> **Data provided**

********************

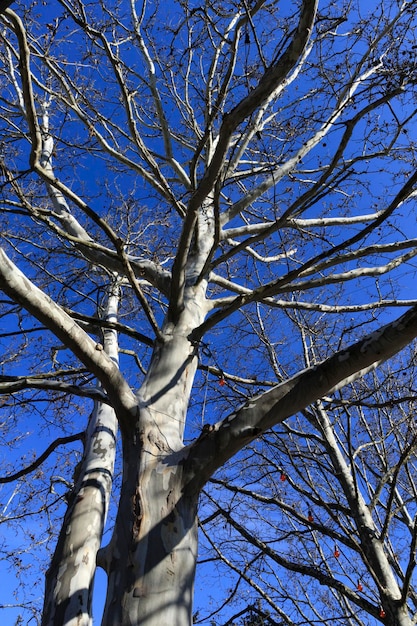 O tronco branco de um plátano sem folhagem A árvore está localizada contra um fundo de céu azul Closeup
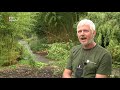 Hete zomer wordt planten in de botanische tuinen teveel [RTV Utrecht]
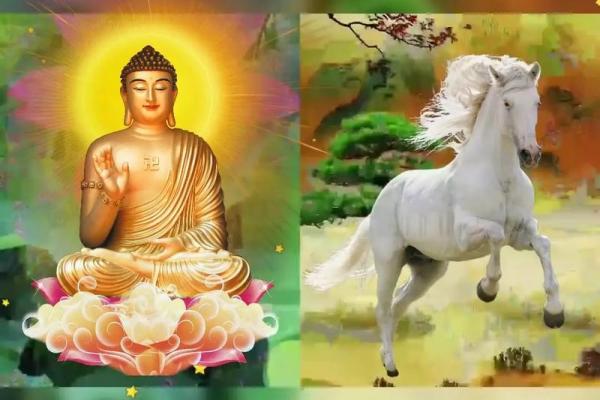 属猴与属马的人生命格解析：智慧与力量的完美结合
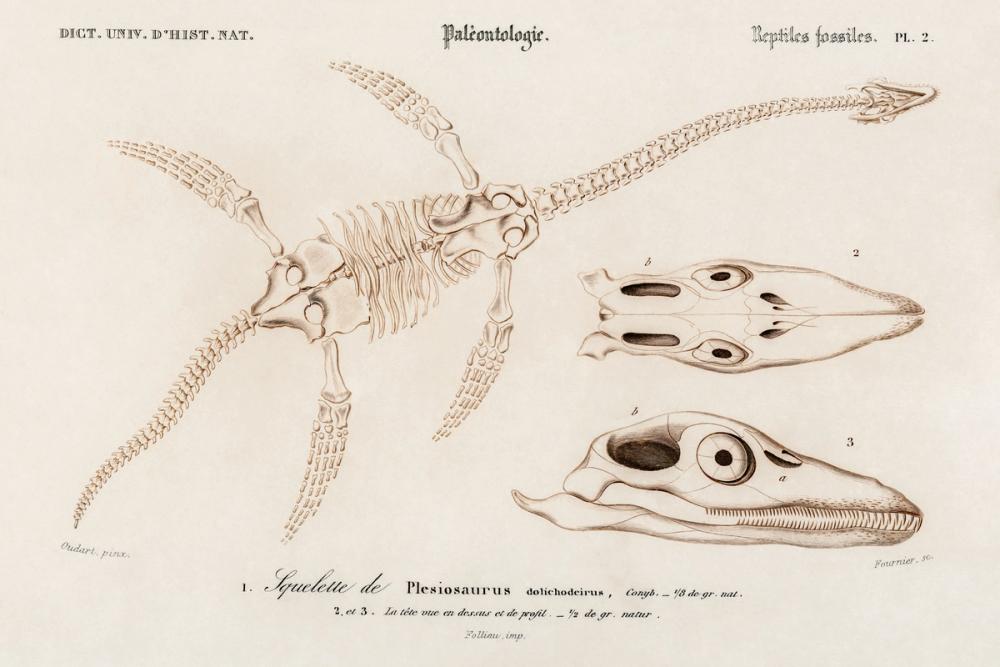 Plesiosaurus Illustrated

********************

> **Assigned task**
When you repeat the material above, keep every word exact and leave out the pictures.

> **Solution to this problem**
 O tronco branco de um plátano sem folhagem A árvore está localizada contra um fundo de céu azul Closeup
 Hete zomer wordt planten in de botanische tuinen teveel [RTV Utrecht]
 属猴与属马的人生命格解析：智慧与力量的完美结合
 Plesiosaurus Illustrated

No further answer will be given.